The Takeover

How the RSS is infiltrating India’s intellectual spaces

On 25 February 2018, Mohan Bhagwat, chief of the RSS, addressed a large scale gathering of RSS volunteers in Meerut. SAJJAD HUSSAIN/ AFP/ GETTY IMAGES
01 April, 2019

FOR TWO DAYS IN MARCH 2017, over seven hundred academics and vice chancellors from 51 state and central universities gathered in Delhi University to learn how to bring the “true nationalist narrative” to academia. The closed-door event was called the Gyan Sangam—knowledge summit—and one of its main speakers was Mohan Bhagwat, the sarsanghchalak—supreme leader—of the Rashtriya Swayamsevak Sangh, the ideological parent of the ruling Bharatiya Janata Party. The topics under discussion, reportedly, were the “cultural onslaught on educational system,” the “colonisation” of intellectuals and the resurgence of nationalism in academia.

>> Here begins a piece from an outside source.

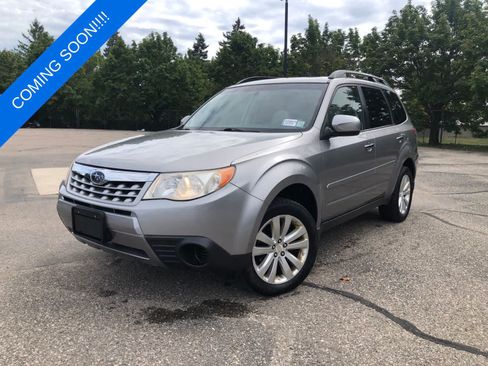 Used 2011 Subaru Forester 2.5X Premium AWD/4WD image 1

According to its website, the Gyan Sangam is an “initiative started in 2016 to create a platform for positive nationalistic academicians.” The site quotes Vivekananda, stating “all sciences originated in Bharat.” These workshops are organised by the RSS-affiliated Prajna Pravah—a typical Sangh project that was floated 25 years ago. The organisation describes its vision as a “rational umbrella that stimulates, trains and synthesizes individuals to recognize the inherent strength of Bharath with academic vigor directed towards decolonizing Indian minds from Eurocentric impact.” Its will to transform, it seems, is not limited to India. “Hindutva being assimilative and self-sustaining has the potential to liberate world from arrogance of power accumulated through dictatorship policies of the west.”

The scale at which the Prajna Pravah was able to hold the event suggests the enormous heft the organisation has acquired under the Modi administration. That year, J Nandakumar, a prominent figure in the Sangh who was the akhil bharatiya sah prachar pramukh—national vice president for publicity—of the RSS, was appointed the national convenor of the Prajna Pravah. Often described as the intellectual wing of the RSS, the organisation is meant to take on the cultural dominance of the Left, whether in universities such as JNU or in states such as West Bengal or Kerala.

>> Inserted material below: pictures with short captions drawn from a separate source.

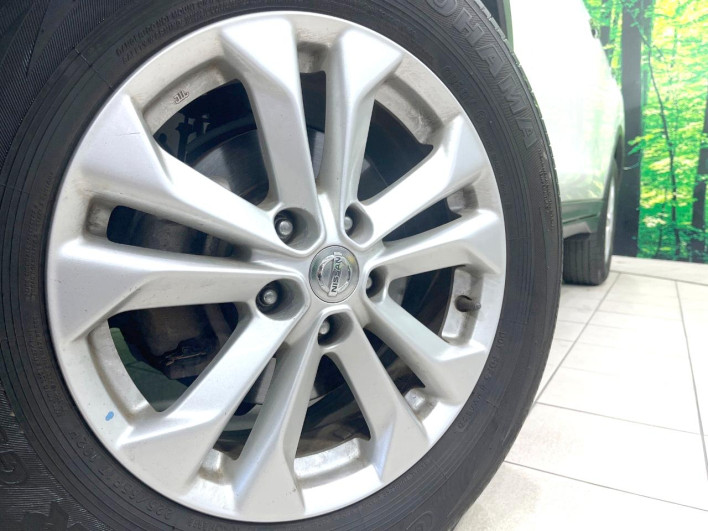 2014 Nissan X-Trail DBA-NT32 (UW-6a0a8213e8d5a)[12]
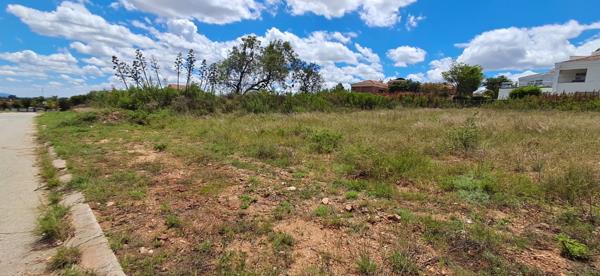 1 575 m² Land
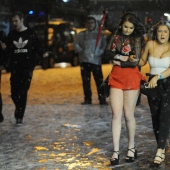 En tacones de aguja a través de la nieve y el viento: incluso la "Bestia del Este" no impidió que las mujeres británicas quisieran emborracharse el fin de semana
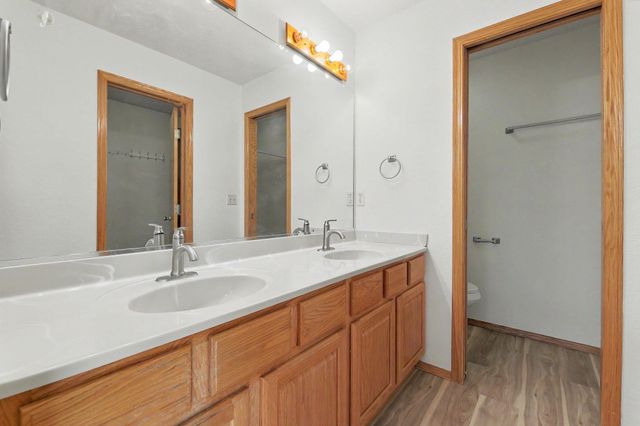 1920 S Leeanne Ln, Wichita, KS 67207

A month before the Gyan Sangam event, a conference organised by Ramjas college, called “Cultures of protest: a seminar exploring representations of dissent,” was violently disrupted by members of the Akhil Bharatiya Vidyarthi Parishad, the RSS’s student wing. The ABVP had objected to the inclusion of Umar Khalid in the line-up of speakers invited to the seminar. Khalid, then pursuing a doctorate at Jawaharlal Nehru University, was one of the students in the centre of a storm that had unfolded at JNU in 2016. Along with Kanhaiya Kumar—the president of the students’ union—and others, Khalid was arrested on sedition charges. These events prompted heated primetime discussions focussed on the crackdown on students, and the idea that JNU was a “den of anti-nationals.”